I just wonder, is there some way measure Absorption Coefficient of DIY bass trap?
please give me some information or link to read thanks.


----------



## Wayne A. Pflughaupt (Apr 13, 2006)

Don't know about all that, but if you take response readings both before and after the trap's installed, you can tell from the waterfall display if it's helped or not.

Regards,
Wayne


----------



## zephyrwinter (Feb 26, 2009)

Wayne A. Pflughaupt said:


> Don't know about all that, but if you take response readings both before and after the trap's installed, you can tell from the waterfall display if it's helped or not


Then how to convert different dB to Absorption Coefficient?


----------



## Anechoic (Jan 16, 2009)

zephyrwinter said:


> Then how to convert different dB to Absorption Coefficient?
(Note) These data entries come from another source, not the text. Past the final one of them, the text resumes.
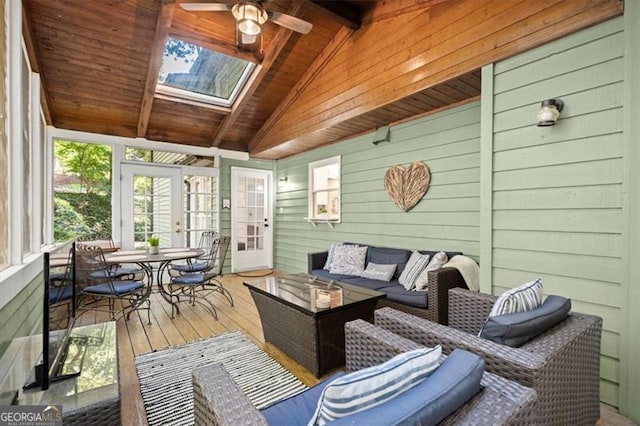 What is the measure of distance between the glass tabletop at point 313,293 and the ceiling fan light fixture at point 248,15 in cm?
237

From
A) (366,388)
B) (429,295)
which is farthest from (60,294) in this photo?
(429,295)

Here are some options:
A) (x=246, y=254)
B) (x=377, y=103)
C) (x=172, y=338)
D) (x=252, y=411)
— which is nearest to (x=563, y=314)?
(x=252, y=411)

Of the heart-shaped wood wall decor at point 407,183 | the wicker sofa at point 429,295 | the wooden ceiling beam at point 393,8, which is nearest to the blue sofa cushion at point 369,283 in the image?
Answer: the wicker sofa at point 429,295

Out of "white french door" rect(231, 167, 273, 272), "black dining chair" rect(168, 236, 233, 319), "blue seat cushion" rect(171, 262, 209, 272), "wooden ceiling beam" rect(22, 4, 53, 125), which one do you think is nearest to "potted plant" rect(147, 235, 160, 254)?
"black dining chair" rect(168, 236, 233, 319)

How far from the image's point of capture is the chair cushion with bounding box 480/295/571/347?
129 centimetres

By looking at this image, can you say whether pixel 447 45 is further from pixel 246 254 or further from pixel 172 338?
pixel 246 254

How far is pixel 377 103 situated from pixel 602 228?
2286mm

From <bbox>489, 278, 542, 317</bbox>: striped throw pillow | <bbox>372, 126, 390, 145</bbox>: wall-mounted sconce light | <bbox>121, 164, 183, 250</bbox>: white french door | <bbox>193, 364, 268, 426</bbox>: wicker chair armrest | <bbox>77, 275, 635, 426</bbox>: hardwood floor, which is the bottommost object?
<bbox>77, 275, 635, 426</bbox>: hardwood floor

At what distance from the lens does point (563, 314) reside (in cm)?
152

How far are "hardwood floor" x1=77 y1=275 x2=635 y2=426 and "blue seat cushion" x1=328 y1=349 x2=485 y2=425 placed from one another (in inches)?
59.0

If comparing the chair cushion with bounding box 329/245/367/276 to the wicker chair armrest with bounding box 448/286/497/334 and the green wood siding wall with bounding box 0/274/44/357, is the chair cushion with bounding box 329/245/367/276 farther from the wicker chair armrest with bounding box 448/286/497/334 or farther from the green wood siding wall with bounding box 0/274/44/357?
the green wood siding wall with bounding box 0/274/44/357

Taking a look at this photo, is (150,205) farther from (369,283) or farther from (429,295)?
(429,295)

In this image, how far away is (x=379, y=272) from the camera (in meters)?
3.61

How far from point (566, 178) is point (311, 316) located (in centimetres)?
204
If you measure the RT60 time of the room before and after you install the bass trap, you can use the Sabine equation to calculate the absorption coefficients of the bass trap. I'd suggest doing it an a completely empty room to simplify the calculations.


----------



## kostix (Sep 19, 2009)

Hello!

You could also setup a "pseudo" anechoic chamber using as many absorbers as you could to create a sort of a box, and do the testing inside of that - place there the speaker, your desired panel to be tested and the mic.

Best regards.
Konstantin


----------